Please give back exactly the line with "Elektronenmicroscoop" and each line after it through the end of the material, leaving out the pictures.

Start of Provided information

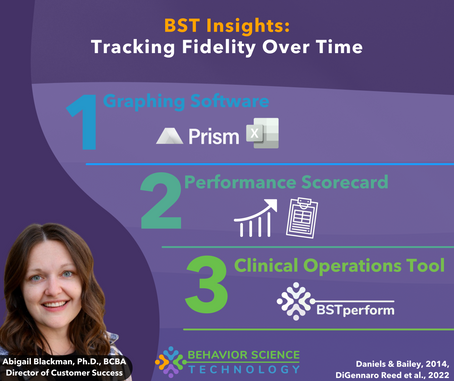 Tracking Fidelity Over Time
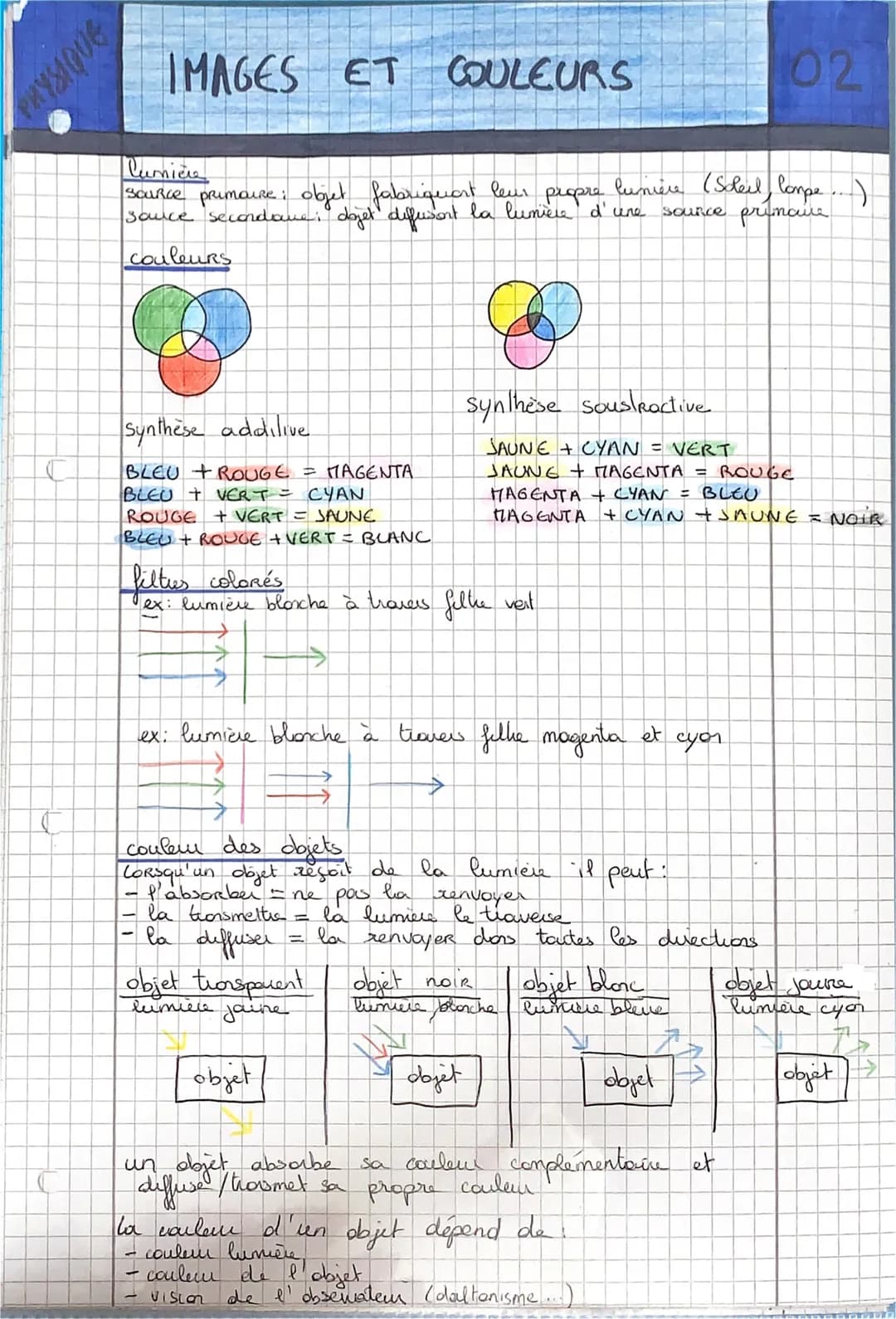 9001
IMAGES ET
ET COULEURS
&
lumière
Source primaire: objet fabriquent leur propre lumière (Scheel) Compe...)
sauce secondome; dojet differe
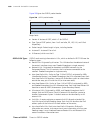 Configuration Manual - (page 1050)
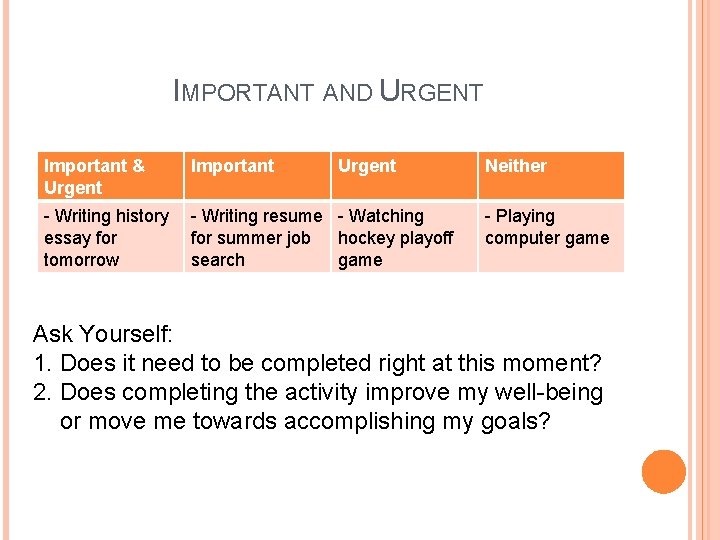 IMPORTANT AND URGENT Important & Urgent Important Urgent - Writing history essay for tomorrow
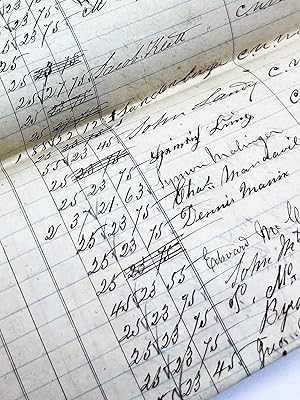 Civil War Muster Rolls for Alonzo Cushing's Battery, Company A of the 4th US Artillery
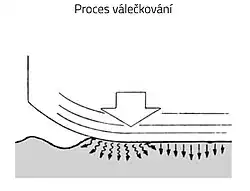 Proces válečkování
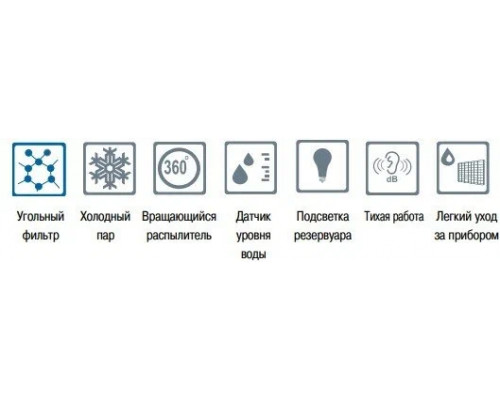 Увлажнитель воздуха Dantex D-H45UG белый/голубой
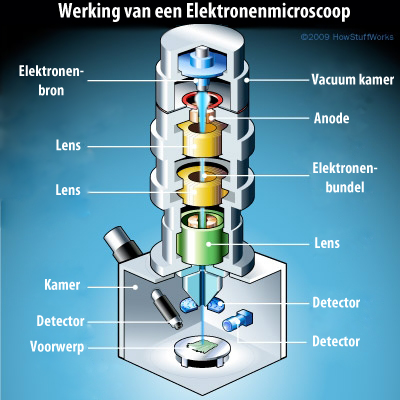 Elektronenmicroscoop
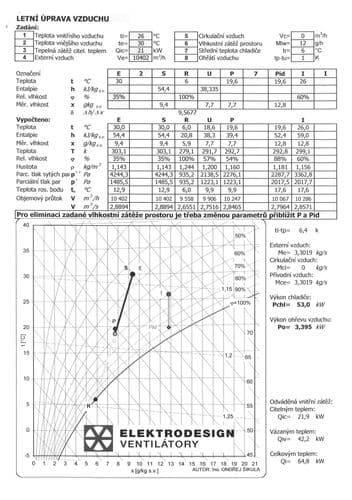 Projekt vzduchotechniky - Hx diagram.jpg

End of Provided information

**Output below**:
 Elektronenmicroscoop
 Projekt vzduchotechniky - Hx diagram.jpg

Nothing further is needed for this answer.